» **Requirement**: Would you work out how many of the lines below hold "large" and reply with nothing but the number?

########

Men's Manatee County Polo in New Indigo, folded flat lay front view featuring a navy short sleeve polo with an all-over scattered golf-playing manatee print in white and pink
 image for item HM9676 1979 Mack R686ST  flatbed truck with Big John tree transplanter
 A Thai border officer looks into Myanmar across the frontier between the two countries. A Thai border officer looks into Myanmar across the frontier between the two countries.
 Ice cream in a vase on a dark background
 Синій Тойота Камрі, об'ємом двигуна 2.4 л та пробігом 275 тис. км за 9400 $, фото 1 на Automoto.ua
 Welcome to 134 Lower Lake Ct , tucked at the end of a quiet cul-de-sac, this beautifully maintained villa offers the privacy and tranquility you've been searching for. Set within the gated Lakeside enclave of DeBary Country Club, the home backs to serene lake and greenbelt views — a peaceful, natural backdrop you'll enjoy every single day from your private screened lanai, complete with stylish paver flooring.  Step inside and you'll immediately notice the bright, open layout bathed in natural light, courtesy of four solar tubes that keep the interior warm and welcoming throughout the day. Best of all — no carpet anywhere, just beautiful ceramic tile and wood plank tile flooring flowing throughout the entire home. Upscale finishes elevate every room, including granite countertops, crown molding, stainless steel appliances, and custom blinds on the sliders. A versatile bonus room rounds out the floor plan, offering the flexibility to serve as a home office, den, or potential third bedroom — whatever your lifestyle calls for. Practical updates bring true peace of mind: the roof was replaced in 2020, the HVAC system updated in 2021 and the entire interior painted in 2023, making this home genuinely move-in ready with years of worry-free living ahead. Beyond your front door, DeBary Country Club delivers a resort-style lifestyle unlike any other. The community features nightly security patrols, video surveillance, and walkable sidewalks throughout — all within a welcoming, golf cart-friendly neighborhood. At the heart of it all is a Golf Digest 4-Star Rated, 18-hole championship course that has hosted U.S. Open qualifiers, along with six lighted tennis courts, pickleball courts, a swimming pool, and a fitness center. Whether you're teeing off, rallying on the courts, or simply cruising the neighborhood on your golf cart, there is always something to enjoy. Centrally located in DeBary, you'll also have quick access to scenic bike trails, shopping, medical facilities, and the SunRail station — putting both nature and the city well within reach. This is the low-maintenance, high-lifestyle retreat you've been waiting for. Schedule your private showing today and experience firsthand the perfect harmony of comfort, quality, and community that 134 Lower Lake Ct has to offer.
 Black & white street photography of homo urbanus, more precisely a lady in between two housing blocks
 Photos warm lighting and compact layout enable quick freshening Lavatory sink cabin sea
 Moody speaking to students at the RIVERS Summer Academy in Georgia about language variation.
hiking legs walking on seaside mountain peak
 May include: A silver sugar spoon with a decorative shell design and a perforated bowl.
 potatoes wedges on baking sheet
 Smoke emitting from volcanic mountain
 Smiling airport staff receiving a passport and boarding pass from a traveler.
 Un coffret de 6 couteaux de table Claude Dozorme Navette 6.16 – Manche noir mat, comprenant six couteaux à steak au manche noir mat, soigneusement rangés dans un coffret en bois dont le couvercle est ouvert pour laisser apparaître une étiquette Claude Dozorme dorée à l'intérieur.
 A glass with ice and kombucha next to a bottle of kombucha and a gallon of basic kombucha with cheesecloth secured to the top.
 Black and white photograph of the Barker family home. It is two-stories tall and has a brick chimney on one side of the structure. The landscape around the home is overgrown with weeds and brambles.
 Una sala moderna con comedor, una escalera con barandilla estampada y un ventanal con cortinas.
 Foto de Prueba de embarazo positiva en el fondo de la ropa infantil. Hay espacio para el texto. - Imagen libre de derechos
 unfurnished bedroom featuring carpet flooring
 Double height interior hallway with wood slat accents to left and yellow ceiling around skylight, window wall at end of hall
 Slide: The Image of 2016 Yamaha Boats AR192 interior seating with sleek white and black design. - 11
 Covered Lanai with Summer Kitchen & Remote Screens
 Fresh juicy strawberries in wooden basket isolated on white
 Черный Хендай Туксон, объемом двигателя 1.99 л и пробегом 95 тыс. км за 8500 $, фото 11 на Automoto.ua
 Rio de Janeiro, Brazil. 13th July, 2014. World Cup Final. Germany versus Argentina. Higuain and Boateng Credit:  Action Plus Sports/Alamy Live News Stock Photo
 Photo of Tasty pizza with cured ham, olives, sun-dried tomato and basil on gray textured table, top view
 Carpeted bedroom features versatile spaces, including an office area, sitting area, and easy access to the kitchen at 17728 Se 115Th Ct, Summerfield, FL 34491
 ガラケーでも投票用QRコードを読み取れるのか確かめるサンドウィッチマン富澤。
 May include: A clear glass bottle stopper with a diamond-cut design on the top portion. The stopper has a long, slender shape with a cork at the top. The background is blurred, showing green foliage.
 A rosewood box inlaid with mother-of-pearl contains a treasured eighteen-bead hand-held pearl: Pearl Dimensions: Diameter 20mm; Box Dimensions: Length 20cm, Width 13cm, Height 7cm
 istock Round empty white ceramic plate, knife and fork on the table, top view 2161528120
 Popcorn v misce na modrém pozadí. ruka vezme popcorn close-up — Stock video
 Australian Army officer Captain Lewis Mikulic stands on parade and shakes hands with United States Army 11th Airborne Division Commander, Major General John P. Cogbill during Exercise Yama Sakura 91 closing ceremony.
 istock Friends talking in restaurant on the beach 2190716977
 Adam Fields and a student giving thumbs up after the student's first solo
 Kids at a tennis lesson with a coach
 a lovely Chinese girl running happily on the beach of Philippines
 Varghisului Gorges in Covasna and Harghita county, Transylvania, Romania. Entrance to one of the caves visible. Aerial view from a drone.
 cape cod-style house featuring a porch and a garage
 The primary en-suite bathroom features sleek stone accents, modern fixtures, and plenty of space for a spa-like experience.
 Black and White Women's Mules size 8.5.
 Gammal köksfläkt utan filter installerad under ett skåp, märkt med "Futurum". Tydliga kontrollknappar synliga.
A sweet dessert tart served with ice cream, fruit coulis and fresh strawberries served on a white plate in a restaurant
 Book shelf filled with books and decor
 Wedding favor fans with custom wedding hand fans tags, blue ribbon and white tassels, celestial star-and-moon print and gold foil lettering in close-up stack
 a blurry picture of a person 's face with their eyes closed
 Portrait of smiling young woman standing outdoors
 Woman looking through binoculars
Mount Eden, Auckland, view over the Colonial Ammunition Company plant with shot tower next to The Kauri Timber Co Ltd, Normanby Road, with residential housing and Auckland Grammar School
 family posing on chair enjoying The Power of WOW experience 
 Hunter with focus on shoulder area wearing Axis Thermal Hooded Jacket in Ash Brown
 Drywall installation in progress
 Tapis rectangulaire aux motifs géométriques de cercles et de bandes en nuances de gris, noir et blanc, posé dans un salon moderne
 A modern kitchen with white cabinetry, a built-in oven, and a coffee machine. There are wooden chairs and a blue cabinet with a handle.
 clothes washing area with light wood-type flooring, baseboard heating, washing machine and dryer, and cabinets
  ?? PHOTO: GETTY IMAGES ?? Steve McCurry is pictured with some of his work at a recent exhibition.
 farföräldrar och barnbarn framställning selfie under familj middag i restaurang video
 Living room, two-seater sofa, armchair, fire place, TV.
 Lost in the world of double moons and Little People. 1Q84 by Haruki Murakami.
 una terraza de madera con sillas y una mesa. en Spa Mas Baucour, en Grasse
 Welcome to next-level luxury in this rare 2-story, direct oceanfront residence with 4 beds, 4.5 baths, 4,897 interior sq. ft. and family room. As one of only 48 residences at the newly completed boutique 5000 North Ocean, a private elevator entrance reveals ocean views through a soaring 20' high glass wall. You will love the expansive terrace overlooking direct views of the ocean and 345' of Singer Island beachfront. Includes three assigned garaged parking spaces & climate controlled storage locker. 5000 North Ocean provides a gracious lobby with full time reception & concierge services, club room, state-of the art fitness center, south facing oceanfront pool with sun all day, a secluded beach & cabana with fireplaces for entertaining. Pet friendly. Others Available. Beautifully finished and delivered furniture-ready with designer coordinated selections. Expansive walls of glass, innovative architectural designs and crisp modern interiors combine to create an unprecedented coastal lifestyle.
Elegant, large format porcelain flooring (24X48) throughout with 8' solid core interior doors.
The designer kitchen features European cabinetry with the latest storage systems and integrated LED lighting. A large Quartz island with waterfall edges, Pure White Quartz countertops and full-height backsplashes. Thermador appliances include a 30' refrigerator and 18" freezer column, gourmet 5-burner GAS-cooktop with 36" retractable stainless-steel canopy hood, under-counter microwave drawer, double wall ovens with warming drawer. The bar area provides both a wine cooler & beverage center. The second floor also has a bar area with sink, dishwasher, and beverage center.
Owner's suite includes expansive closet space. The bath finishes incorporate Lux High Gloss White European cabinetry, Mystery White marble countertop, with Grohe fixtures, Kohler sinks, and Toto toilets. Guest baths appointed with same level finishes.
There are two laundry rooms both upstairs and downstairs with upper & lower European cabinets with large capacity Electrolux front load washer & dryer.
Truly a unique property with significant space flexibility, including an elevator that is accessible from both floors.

########

» **Expected answer**: 3